In an oeuvre that included microbes, biodiversity, air pollution, RFID tracking, and genetically modified food, da Costa engaged in a series of public actions oriented around expanding the notion of citizen science in ways that were mutually positive for creators and participants. For example, LaFarge pointed to her work in Invisible Earthlings with CO2-sensing yeast colonies and in Pigeonblog undertaking a "collaborative endeavor between homing pigeons, artists, engineers and pigeon fanciers engaged in a grassroots scientific data gathering initiative." Like other speakers, LaFarge acknowledged the presence of disagreement among feminists, and the fact that her friend and colleague thought that LaFarge's interest in "computer games was a complete waste of time." The difficulty that Beatriz da Costa addressed was described by LaFarge as "how much has to be left out in order to make an argument" and "how test results are used to conceal a lie." Visitors to the conference were encouraged to visit an installation of da Costa's Dying for the Other in the Consume show at the Calit2 Gallery, which interrogates the relationship of the dying artist to the mortality of laboratory animals.
The final tribute was devoted to Anne Friedberg. Co-organizer Lisa Cartwright actually had Friedberg as a teaching assistant and recollected being given names like Irigaray, Cixous, Althusser, and Mulvey by this early mentor. Heidi Rae Cooley gave a tearful and moving remembrance of Friedberg that drew upon the memories of Sheila Murphy as well. She emphasized the radical rewriting of four centuries of the history of perspective that Friedberg undertook that went far beyond how the work of film historians was traditionally constituted. (See her digital companion for The Virtual Window for an interactive version of her argument.)
Friedberg founded both the UC Irvine Ph.D. Program in Visual Studies and the IMAP program at USC and launched the careers of many interdisciplinary students. Cooley pointed to Mark Sample's essay "When Service Becomes Scholarship" to explain the depth of Friedberg's contributions and how she made public and circulated the work of others, even "taking in freeway fliers" who were normally outcasts at the university or sitting on information technology committees. She also discovered talents by recommending people for one-year contracts that later developed into long term institutional presences, as she did for Daniel Herbert who chronicled the rise and fall of the video store.

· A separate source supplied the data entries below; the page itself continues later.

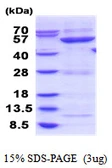 Human GBA3 protein, His tag. GTX68664-pro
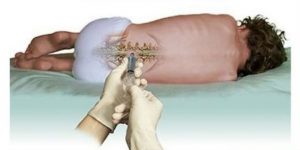 Vì sao bé cần lấy nước vùng thắt lưng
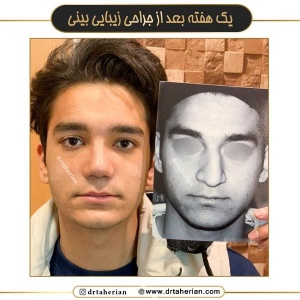 جراحی-بینی-700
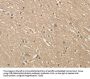 ALDH8A1 Antibody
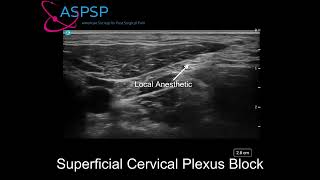 Ultrasound Guided Superficial Cervical Plexus Block [upl. by Eiser]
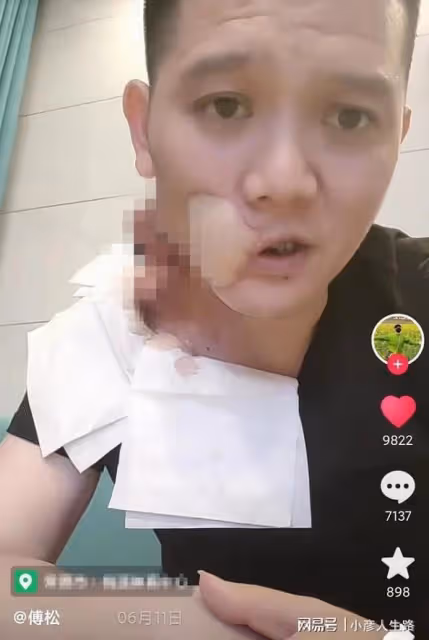 走好!36歲傅松去世,臉部潰爛自願放棄治療,曾勸網友別嚼檳榔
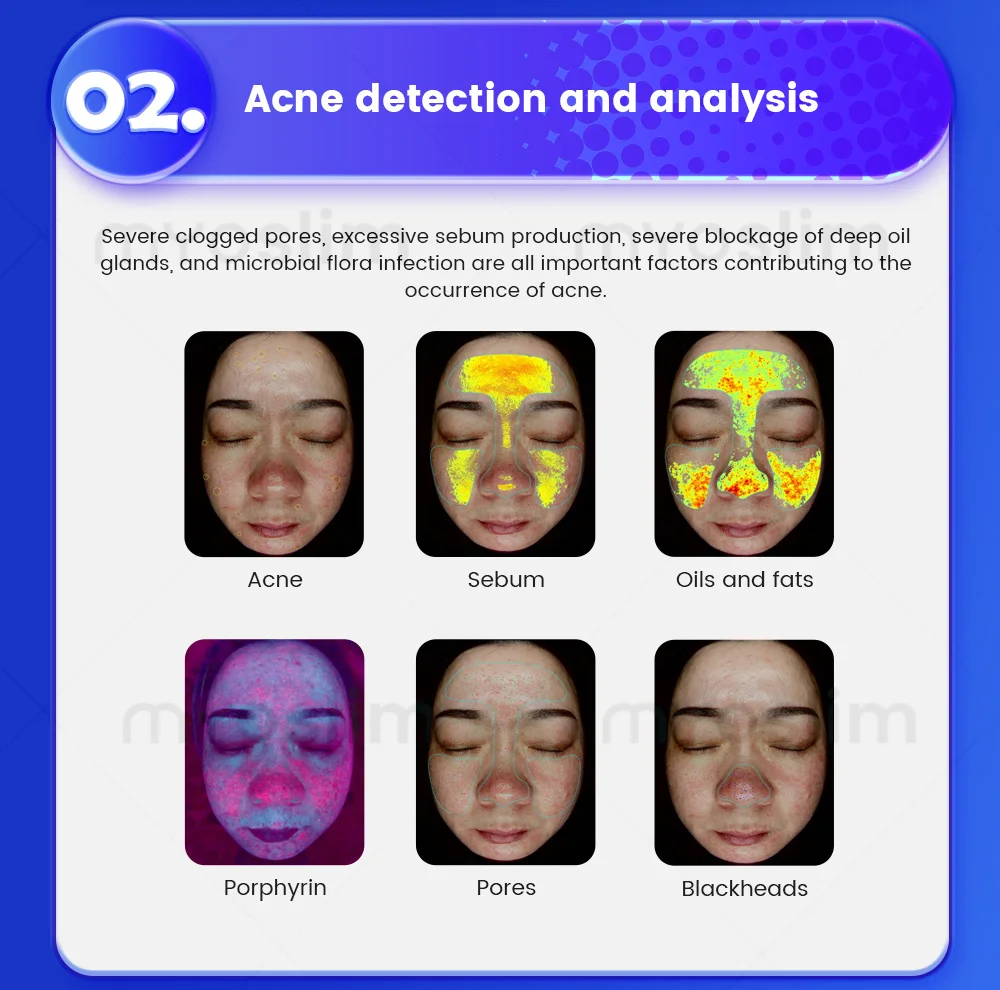 21.5 Inch X5 Facial Skin Analyzer 3D AI Hair Analysis Machine 8 Light Spectrum Skin Analysis Scanner For Business Beauty Care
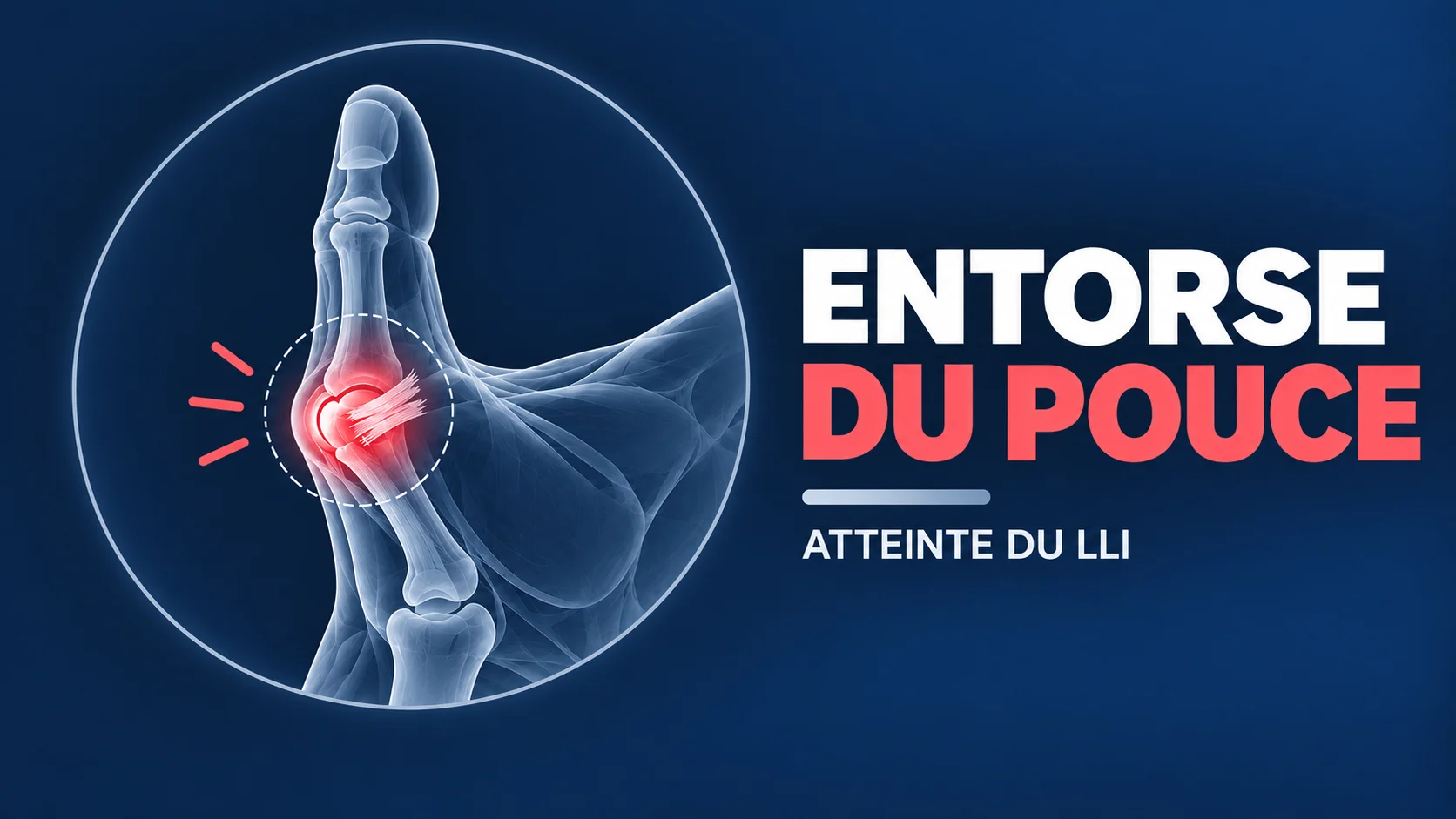 Vignette - Dr Kilinc - Entorse LLI pouce entorse pouce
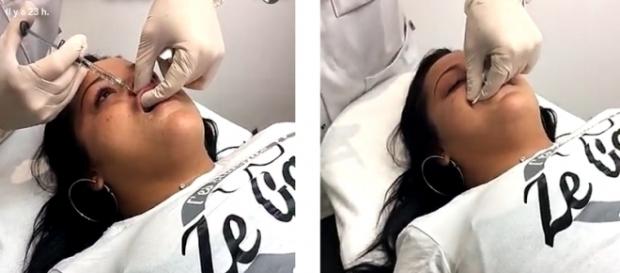 Sarah n'a plus de limite dans le partage de ses opérations de chirurgie (Snapchat : Sarah Fraisou) Sarah n'a plus de limite dans le partage de ses opérations de chirurgie (Snapchat : Sarah Fraisou)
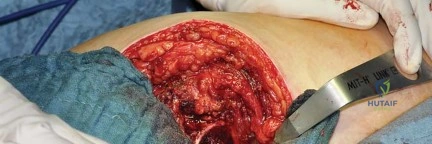 صورة طبية: استبدال مفصل الورك بتقنية الحفاظ على عنق الفخذ (CFP): نتائج أولية أفضل ورعاية متقدمة في صنعاء مع الأستاذ الدكتور محمد هطيف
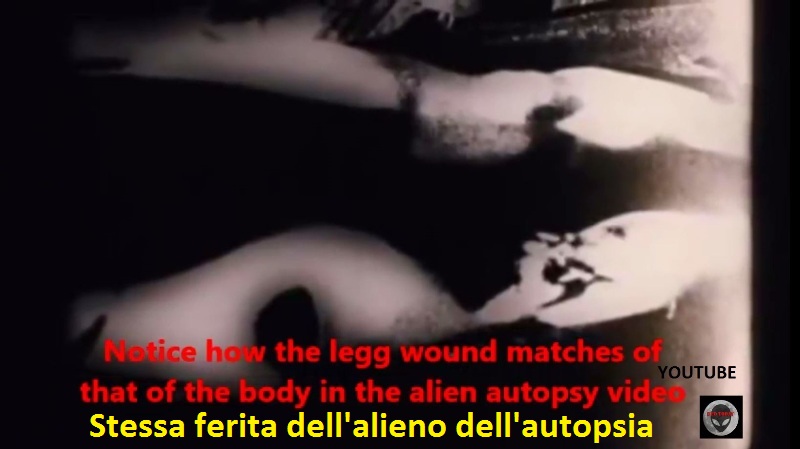 6-la-ferita-sulla-gamba-e-identica-a-quella-del-famoso-filmato-dellautopsia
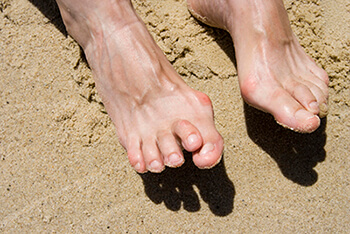 Hammertoe treatment in the Los Angeles County, CA: Lancaster (Lake Los Angeles, Palmdale, Oban, Antelope Acres, Del Sur, Quartz Hill, Desert View Highlands, Leona Valley); Kern County, CA: Rosamond, Tehachapi, North Edwards; San Mateo County, CA: Roosevelt, and Riverside County, CA: Lakeview areas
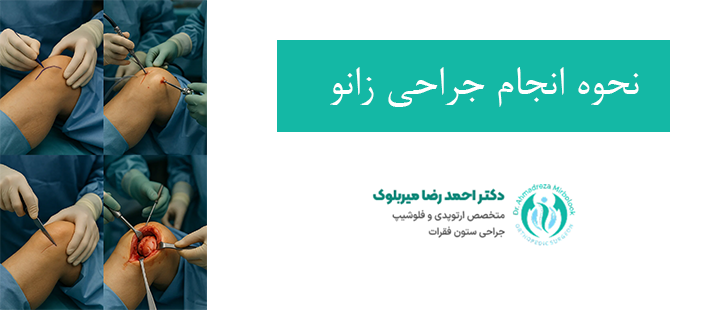 نحوه انجام جراحی زانو نحوه انجام جراحی زانو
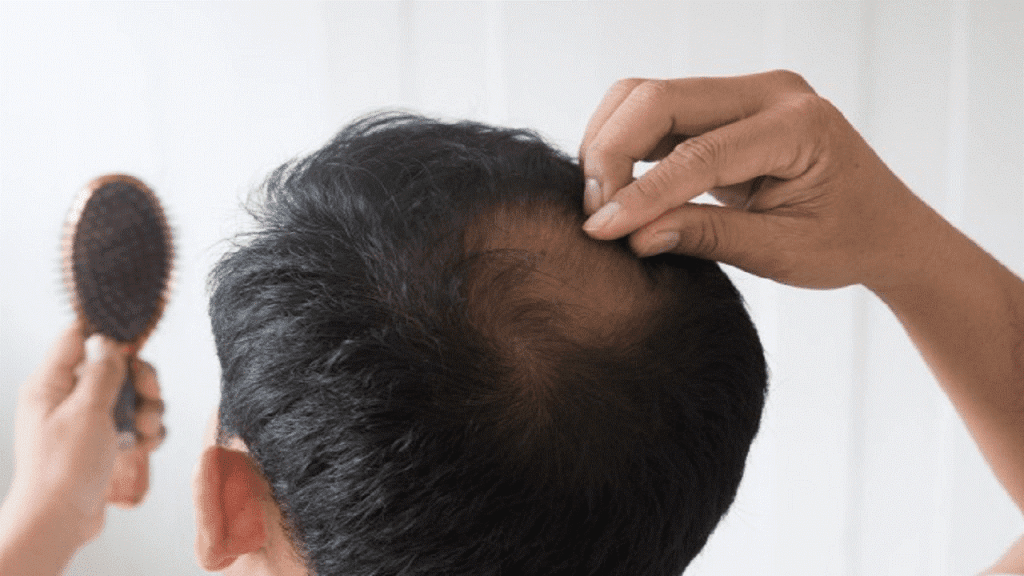 ریزش مو در طول رژیم غذایی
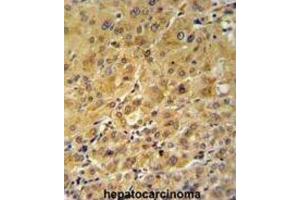 Immunohistochemistry (IHC) image for anti-FK506 Binding Protein 1A, 12kDa (FKBP1A) antibody (ABIN3003472)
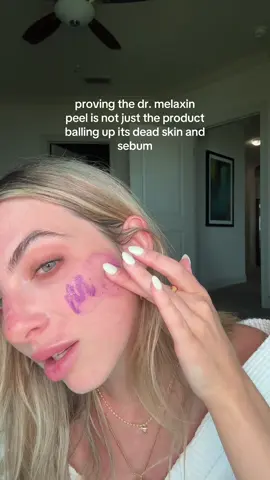 A post by @rachelmadisoncarlisle on TikTok caption: hope this clears things up for the people convinced the peel is fake #peel #drmelaxin #drmelaxinpeelshot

A particularly beautiful and lyrical moment in Cooley's talk came when she described how Friedberg made homemade temporary tattoos with "SCMS" for the Society for Cinema and Media Studies when the "media" part was still new. Friedberg also took on DIY with gusto by making her own pamphlets for an improvised MIT Press booth, since she was not one to hold herself above others, according to Cooley. As in the case of the other founding mothers remembered, we learned much about the details of Friedberg's passions worthy of remembering: Gil Sans as Friedberg's font of choice, Conan Doyle on camera, stuffed Furbees speaking Furbish, writing about the Aibo robot dog, and Vaucanson's infamous duck. Although Friedberg changed theories of "windowed visuality" and the mobile virtual gaze, she also recognized the temporality of the apparatus and the impermanence of institutions.
Note that attendee Wikipedia maven Adrianne Wadewitz periodically reminded conference participants that they could improve these three women's entries on Wikipedia.